The
latest evidence that subsidies propping up the beleaguered oil industry must continue:
Chevron Corp. said Friday its first-quarter net income rose 36 percent, the latest strong earnings report from a major oil company. ... In all, Chevron's net income rose to $6.21 billion, or $3.09 per share, from $4.55 billion, or $2.27 per share a year ago.

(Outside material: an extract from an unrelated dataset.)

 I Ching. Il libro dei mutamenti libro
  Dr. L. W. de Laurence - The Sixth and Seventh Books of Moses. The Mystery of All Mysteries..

The results topped Wall Street expectations and marked Chevron's best three months since it earned $7.9 billion in the third quarter of 2008.
Yesterday, we learned that Shell and ExxonMobil were also struggling to make ends meet, generating a scant $19 billion in profits between them last quarter.
With oil companies under such intense economic pressure, it's a good thing we have solid conservative Republicans like Paul Ryan who are willing to lie to the public about whether or not they support repealing oil company tax subsidies. (Yesterday, he told a town hall audience that he wanted to repeal the subsidies even though he and every other Republican voted to extend them just two months earlier.)
There's another thing that we should all be thankful for: that the debate about our economic future is entirely focused on debt projections generated from Excel spreadsheets that don't take into account the possibility—indeed, the certainty—that over the next twenty to thirty years, the cost of fossil fuels will continue to skyrocket even as we confront the need to make massive investments in alternative sources of energy, not to mention the enormous costs that mitigating the effects of climate change will impose. And that's the optimistic scenario.